Appendix: BP equations for MLPs

Closed-form expressions for the gradients is generally more efficient to compute, since no explicit passing of gradients between nodes is performed. Moreover, they can give us an understanding of the dynamics of gradient flow, e.g. bottlenecks. In this section, we derive BP equations specifically for MLPs. Recall that a dense layer with weights \(\boldsymbol{\mathsf{w}}_j \in \mathbb{R}^d\) and bias \({b}_j \in \mathbb{R}\) computes given an input \(\boldsymbol{\mathsf{x}} \in \mathbb{R}^d\) the following equations for \(j = 1, \ldots, h\) where \(h\) is the layer width:

(1)\[\begin{split}\begin{aligned} z_j &= \boldsymbol{\mathsf{x}} \cdot \boldsymbol{\mathsf{w}}_j + {b}_j \\ y_j &= \phi\left( z_j \right) \\ \end{aligned}\end{split}\]

Given global gradients \(\partial \ell / \partial y_j\) that flow into the layer via the output nodes, we compute the global gradients of nodes \(\boldsymbol{\mathsf{z}}\), \(\boldsymbol{\mathsf{w}}\), \(\boldsymbol{\mathsf{b}}\), and \(\boldsymbol{\mathsf{x}}\) in the layer. As previously discussed, this can be done by tracking backward dependencies in the computational graph (Fig. 36). Following backward dependencies for the compute nodes:

\[\begin{split}\begin{align} \frac{\partial \ell}{\partial {z}_j} &= \sum_k \frac{\partial \ell}{\partial {y}_k} \frac{\partial {y}_k}{\partial {z}_j} = \sum_k \frac{\partial \ell}{\partial {y}_k} \mathsf{J}^{\phi}_{kj} \\ \frac{\partial \ell}{\partial {x}_i} &= \sum_j \frac{\partial \ell}{\partial {z}_j} \frac{\partial {z}_j}{\partial {x}_i} = \sum_j \frac{\partial \ell}{\partial {z}_j} {w}_{ij} = \sum_j \frac{\partial \ell}{\partial {z}_j} {w}_{ji}^{\top} \end{align}\end{split}\]

where \(\mathsf{J}^{\phi}_{kj}(\boldsymbol{\mathsf{z}}) = ({\partial y_k}/{\partial z_j}) |_{\boldsymbol{\mathsf{z}}}\) is the Jacobian.
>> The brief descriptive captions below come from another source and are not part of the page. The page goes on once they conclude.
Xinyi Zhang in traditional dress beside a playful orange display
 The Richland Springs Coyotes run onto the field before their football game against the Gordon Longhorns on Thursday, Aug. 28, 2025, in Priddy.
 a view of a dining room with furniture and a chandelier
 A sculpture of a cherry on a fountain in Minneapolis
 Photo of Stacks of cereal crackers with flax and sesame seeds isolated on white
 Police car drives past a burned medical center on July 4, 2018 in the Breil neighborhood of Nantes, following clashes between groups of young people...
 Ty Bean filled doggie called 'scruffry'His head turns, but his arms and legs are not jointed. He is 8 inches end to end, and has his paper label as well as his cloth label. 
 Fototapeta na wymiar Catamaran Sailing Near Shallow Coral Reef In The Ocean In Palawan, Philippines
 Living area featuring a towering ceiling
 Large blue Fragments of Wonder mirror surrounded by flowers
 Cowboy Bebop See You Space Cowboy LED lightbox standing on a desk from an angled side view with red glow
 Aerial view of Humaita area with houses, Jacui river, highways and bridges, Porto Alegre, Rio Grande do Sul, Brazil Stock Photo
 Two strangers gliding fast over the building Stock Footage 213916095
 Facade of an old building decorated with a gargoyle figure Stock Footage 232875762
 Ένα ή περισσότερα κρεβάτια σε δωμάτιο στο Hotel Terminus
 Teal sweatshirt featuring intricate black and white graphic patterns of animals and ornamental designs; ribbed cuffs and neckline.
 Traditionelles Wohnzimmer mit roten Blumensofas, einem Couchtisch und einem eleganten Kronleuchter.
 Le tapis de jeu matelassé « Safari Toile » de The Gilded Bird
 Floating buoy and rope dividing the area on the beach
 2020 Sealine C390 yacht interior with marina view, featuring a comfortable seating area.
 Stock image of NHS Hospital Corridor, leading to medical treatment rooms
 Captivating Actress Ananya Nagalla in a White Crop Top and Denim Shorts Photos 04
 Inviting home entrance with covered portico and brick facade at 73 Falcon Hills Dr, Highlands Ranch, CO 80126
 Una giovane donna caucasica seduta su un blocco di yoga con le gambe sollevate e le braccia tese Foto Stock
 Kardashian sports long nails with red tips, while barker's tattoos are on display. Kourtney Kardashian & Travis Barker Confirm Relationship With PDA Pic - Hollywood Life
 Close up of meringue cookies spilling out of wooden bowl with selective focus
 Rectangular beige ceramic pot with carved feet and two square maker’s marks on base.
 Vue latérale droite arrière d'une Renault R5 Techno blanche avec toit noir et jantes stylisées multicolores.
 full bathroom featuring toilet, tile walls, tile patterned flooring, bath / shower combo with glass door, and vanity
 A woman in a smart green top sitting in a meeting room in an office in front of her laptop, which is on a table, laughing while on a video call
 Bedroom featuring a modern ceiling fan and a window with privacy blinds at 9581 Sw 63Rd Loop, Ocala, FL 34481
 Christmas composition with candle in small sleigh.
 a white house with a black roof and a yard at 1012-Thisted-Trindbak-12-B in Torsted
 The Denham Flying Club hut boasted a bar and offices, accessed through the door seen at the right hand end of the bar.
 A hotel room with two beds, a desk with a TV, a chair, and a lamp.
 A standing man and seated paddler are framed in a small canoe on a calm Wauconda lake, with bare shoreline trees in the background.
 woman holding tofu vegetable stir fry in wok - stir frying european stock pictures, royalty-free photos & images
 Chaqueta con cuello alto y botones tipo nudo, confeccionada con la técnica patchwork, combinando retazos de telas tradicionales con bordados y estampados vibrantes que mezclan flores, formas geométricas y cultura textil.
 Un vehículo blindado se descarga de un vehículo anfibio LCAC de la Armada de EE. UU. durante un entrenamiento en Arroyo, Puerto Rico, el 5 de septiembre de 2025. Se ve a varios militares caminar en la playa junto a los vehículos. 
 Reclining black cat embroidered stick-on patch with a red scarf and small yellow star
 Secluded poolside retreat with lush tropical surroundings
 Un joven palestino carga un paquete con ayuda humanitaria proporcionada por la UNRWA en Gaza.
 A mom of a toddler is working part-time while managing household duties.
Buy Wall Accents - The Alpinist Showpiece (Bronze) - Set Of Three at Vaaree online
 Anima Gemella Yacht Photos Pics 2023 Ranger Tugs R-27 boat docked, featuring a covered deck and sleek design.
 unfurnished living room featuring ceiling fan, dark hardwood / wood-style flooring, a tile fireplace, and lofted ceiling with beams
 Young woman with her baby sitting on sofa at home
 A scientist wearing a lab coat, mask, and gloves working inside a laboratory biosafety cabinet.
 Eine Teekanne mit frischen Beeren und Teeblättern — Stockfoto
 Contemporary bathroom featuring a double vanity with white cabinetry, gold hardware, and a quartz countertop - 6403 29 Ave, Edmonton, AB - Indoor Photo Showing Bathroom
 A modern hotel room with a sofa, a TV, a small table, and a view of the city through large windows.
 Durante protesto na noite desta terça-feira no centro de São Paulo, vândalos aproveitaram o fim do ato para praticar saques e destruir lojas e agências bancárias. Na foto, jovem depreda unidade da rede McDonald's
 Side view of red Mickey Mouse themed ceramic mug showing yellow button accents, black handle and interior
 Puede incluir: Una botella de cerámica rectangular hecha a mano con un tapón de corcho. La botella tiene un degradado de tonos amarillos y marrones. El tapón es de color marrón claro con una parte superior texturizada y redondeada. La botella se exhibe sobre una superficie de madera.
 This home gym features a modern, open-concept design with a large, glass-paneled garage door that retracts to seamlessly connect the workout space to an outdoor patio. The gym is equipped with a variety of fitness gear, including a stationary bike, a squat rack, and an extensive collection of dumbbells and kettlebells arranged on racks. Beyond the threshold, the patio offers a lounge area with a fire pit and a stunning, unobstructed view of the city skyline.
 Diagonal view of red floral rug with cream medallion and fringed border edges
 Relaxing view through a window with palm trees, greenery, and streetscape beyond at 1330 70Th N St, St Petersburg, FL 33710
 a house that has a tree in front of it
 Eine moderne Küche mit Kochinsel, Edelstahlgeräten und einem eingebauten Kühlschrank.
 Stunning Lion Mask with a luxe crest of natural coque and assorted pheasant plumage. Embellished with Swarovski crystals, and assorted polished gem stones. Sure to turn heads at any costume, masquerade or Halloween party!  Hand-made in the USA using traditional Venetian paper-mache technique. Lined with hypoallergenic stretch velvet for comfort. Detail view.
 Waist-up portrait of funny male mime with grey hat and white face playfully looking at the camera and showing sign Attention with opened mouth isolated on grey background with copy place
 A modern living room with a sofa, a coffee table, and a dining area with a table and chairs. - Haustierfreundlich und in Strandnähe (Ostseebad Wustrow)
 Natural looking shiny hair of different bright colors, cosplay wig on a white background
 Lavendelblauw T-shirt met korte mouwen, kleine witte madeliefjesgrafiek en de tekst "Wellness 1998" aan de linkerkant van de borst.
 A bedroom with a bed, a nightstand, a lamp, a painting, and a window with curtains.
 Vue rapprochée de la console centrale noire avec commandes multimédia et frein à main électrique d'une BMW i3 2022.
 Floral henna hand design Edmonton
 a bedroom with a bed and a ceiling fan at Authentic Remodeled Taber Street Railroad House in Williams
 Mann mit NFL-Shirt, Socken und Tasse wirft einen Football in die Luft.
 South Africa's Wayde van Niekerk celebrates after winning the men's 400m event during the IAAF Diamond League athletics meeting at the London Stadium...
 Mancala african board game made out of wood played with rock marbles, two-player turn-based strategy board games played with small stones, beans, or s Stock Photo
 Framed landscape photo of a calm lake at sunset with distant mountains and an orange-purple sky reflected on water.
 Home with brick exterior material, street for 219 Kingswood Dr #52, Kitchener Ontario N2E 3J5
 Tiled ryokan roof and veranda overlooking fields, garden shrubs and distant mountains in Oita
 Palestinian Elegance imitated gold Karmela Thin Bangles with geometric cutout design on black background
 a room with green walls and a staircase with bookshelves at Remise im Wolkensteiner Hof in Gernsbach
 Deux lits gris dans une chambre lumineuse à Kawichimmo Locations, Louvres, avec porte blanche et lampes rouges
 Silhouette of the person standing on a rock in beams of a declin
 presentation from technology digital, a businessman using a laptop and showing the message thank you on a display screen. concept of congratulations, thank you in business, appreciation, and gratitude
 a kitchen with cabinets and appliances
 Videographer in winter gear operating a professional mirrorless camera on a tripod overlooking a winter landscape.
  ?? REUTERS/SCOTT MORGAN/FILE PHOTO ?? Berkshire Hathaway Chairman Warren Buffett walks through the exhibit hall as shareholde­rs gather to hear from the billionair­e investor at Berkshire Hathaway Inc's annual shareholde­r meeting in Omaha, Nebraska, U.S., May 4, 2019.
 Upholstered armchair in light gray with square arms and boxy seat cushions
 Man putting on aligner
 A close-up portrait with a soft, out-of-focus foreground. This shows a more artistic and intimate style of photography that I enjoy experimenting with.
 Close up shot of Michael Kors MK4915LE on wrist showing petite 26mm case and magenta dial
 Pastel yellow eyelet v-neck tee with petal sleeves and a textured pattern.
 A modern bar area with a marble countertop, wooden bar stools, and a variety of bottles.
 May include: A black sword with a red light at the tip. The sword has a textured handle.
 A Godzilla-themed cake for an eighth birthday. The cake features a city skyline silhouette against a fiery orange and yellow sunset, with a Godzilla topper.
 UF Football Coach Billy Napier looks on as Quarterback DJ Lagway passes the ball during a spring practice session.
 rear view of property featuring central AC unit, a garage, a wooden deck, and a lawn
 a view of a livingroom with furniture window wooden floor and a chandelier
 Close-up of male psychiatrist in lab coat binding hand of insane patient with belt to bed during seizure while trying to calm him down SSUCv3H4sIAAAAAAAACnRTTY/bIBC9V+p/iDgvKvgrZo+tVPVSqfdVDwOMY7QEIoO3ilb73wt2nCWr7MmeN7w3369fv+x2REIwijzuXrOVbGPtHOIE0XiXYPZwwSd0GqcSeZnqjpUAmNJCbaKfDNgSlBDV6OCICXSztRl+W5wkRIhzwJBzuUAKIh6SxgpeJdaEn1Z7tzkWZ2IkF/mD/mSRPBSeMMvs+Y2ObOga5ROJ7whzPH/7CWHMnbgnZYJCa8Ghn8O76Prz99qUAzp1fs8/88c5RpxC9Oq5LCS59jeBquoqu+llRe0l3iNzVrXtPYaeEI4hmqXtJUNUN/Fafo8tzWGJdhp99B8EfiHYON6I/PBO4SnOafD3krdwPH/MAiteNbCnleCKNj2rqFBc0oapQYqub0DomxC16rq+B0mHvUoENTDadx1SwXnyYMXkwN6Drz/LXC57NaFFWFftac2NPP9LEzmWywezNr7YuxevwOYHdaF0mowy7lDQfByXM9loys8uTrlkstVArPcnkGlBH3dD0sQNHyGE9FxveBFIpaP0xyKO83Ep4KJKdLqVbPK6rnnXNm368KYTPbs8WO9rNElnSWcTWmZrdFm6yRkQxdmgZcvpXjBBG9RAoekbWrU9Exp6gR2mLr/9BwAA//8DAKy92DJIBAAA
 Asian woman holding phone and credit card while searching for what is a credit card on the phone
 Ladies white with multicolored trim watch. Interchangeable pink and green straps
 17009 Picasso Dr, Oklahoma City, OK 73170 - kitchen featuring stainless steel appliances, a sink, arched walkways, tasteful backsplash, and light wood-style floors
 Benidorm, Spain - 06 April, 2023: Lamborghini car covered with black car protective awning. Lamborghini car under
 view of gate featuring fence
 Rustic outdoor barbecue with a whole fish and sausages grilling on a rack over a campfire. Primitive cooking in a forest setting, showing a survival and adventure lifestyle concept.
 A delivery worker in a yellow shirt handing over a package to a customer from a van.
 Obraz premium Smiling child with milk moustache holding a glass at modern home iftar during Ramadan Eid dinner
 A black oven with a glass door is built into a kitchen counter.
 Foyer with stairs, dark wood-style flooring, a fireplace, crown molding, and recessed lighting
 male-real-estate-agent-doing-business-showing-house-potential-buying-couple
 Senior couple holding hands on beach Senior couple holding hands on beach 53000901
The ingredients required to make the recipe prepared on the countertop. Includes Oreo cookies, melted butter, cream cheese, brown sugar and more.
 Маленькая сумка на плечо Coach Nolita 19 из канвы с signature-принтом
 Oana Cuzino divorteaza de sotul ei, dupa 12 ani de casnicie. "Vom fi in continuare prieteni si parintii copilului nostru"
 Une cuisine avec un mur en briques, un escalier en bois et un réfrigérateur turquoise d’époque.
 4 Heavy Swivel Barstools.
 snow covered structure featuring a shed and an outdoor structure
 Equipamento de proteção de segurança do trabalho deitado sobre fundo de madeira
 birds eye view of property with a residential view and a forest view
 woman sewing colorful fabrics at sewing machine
The second equation is visualized below:

../../../_images/jacobian.svg

Fig. 36 Node dependencies in compute nodes of a fully connected layer. All nodes \(\boldsymbol{\mathsf{z}}_k\) depend on \(\boldsymbol{\mathsf{x}}_j.\)

The gradients are passed towards the input nodes, so that the second equation uses the gradients calculated using the first equation. For typical activations, such as \(\text{ReLU}\) or \(\text{Tanh}\), the Jacobian has no cross-dependencies and it reduces to the diagonal matrix \(\phi^\prime(z_k)\). Hence, the output node grads are modulated by the derivative of the activation function, e.g. if \(\phi^\prime \approx 0,\) then the gradients also vanish.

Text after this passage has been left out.